■ **Exercise description**
Make an exact copy, from the records below, of the lines from the line containing "Alanyurt Yunusemre Mahallesinde" to the line containing "72 - 2 Vintage", both lines included, excluding pictures.

■ **The data**
^^^^

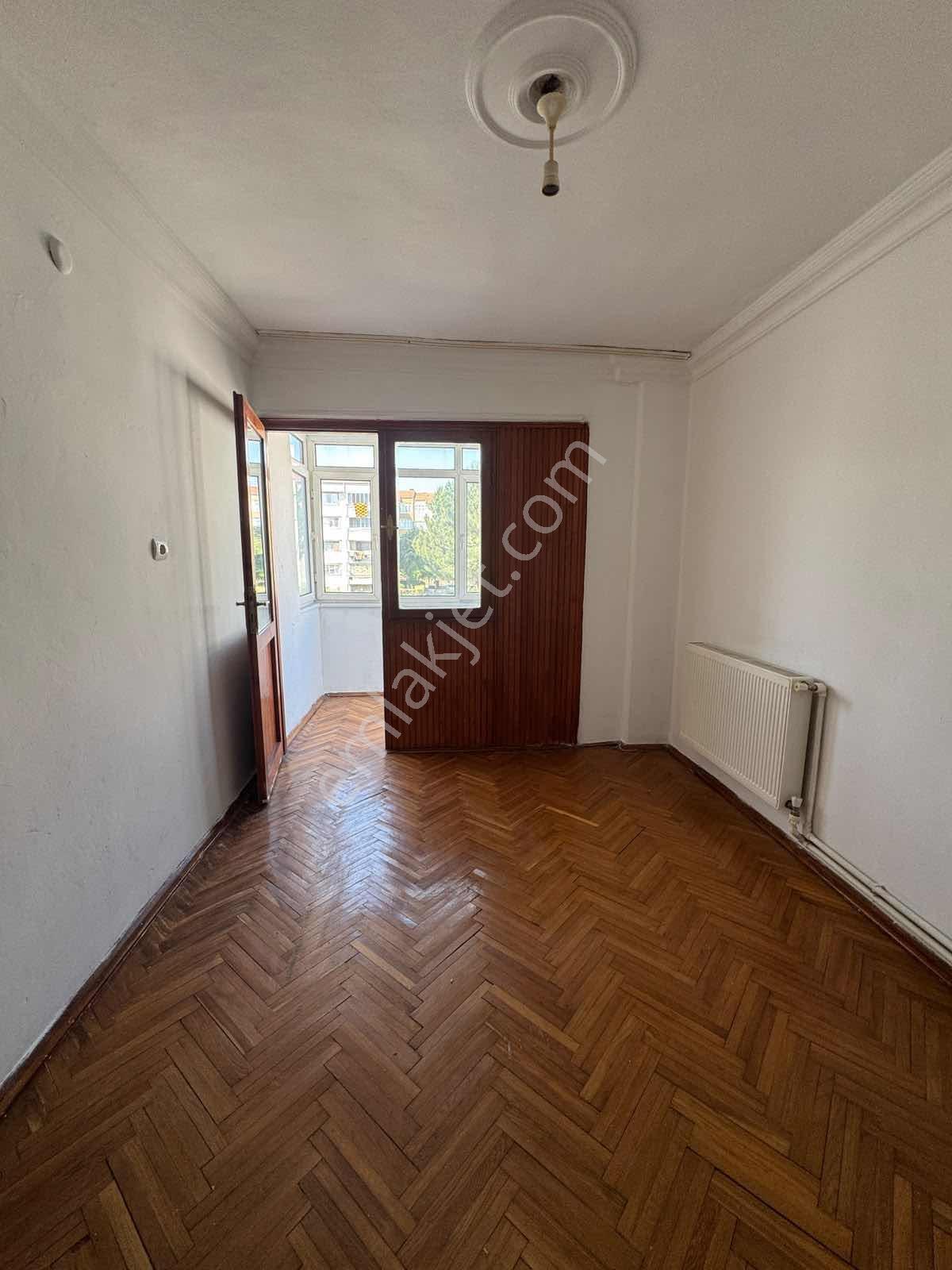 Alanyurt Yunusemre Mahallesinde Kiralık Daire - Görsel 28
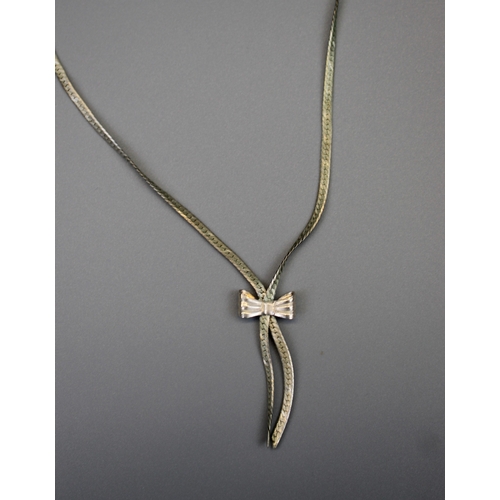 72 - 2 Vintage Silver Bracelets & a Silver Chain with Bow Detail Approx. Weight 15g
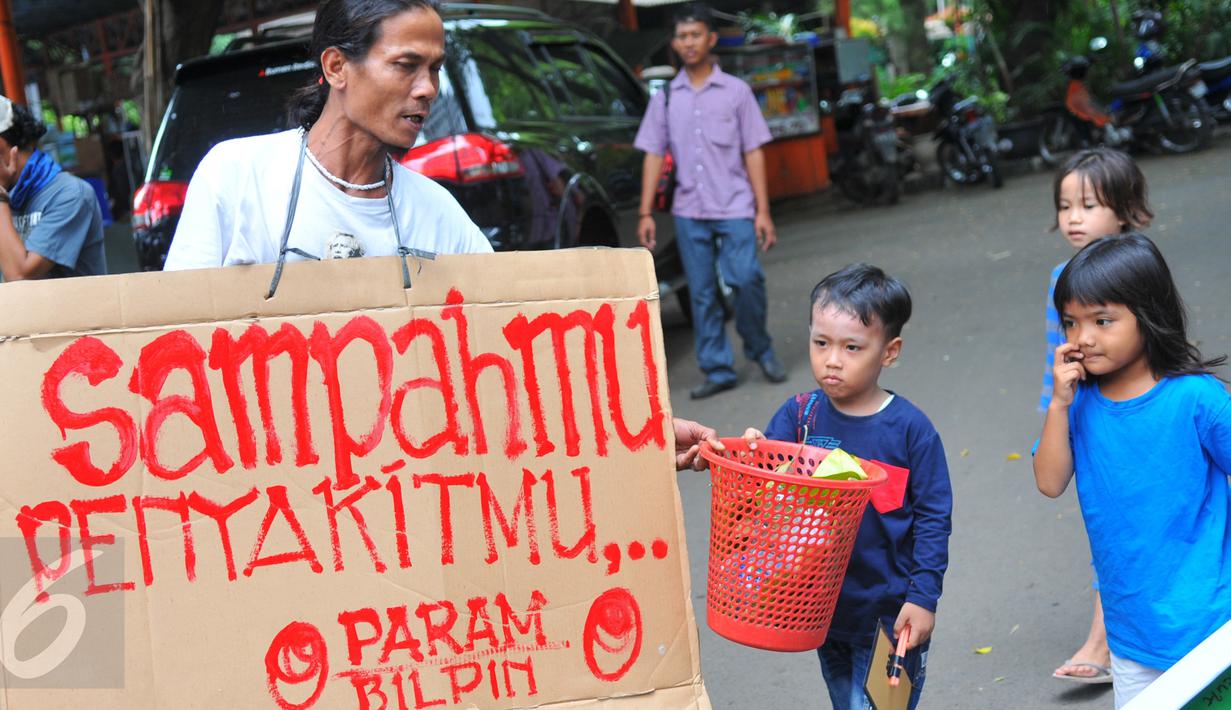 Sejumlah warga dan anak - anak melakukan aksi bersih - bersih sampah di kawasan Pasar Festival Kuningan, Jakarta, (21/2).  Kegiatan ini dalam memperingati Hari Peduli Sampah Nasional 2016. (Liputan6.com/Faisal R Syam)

^^^^

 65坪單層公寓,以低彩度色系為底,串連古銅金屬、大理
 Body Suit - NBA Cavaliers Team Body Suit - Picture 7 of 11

^^^^

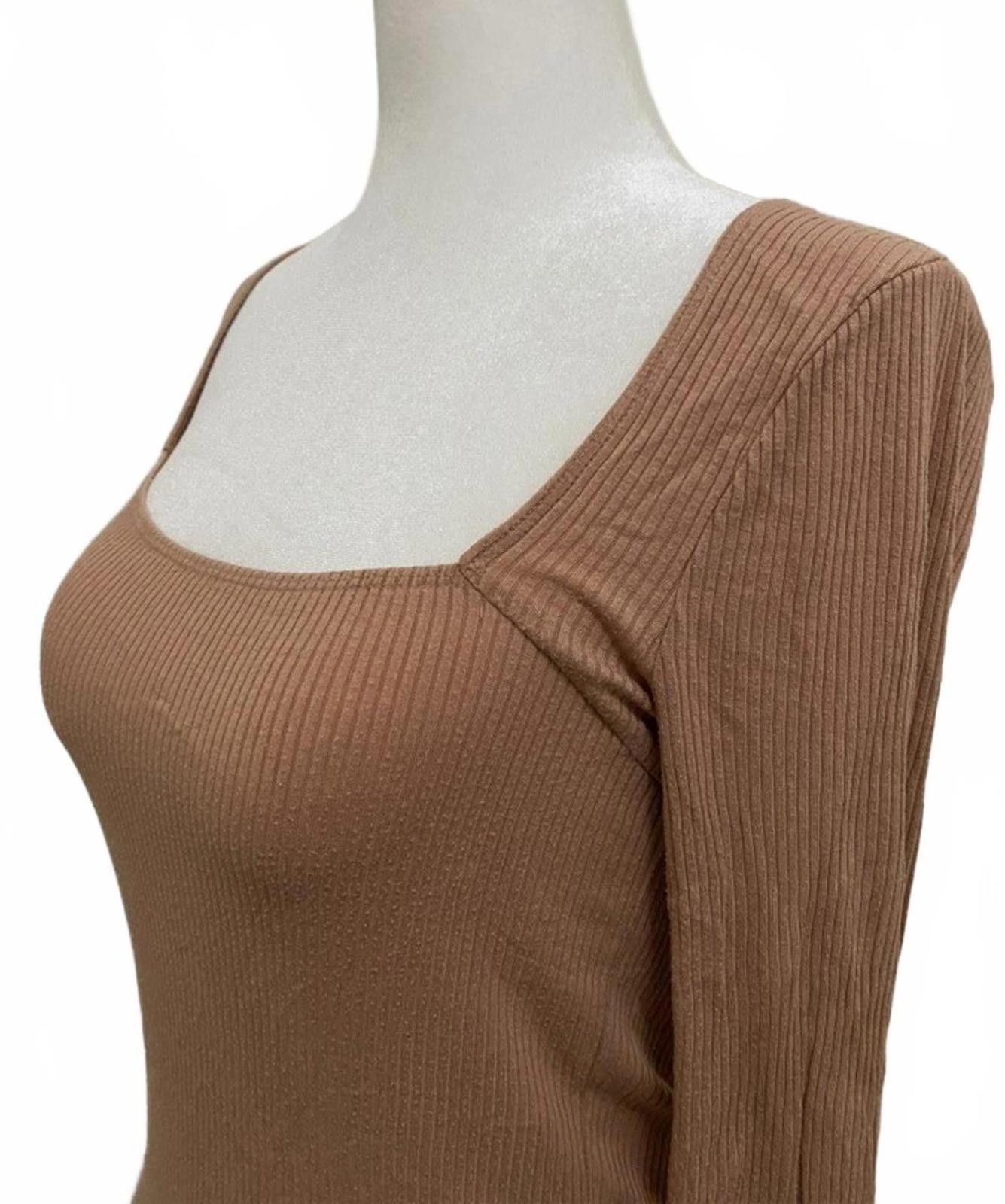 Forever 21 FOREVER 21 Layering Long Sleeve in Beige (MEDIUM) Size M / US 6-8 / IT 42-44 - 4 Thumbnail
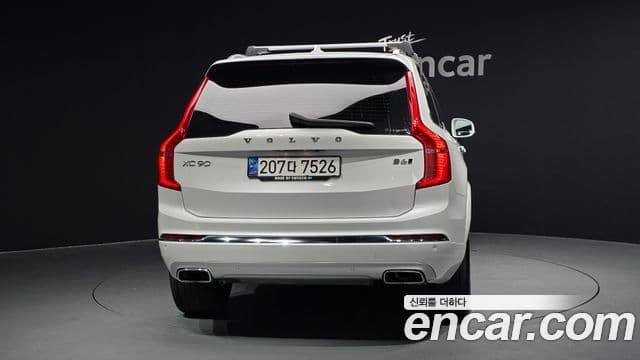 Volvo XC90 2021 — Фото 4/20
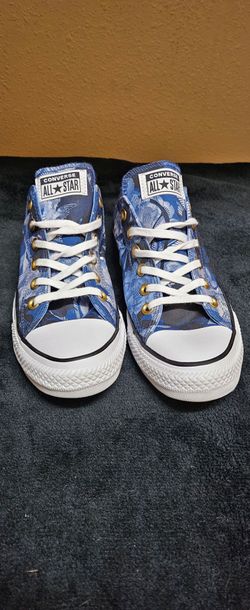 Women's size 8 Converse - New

^^^^

■ **Solution**
 Alanyurt Yunusemre Mahallesinde Kiralık Daire - Görsel 28
 72 - 2 Vintage Silver Bracelets & a Silver Chain with Bow Detail Approx. Weight 15g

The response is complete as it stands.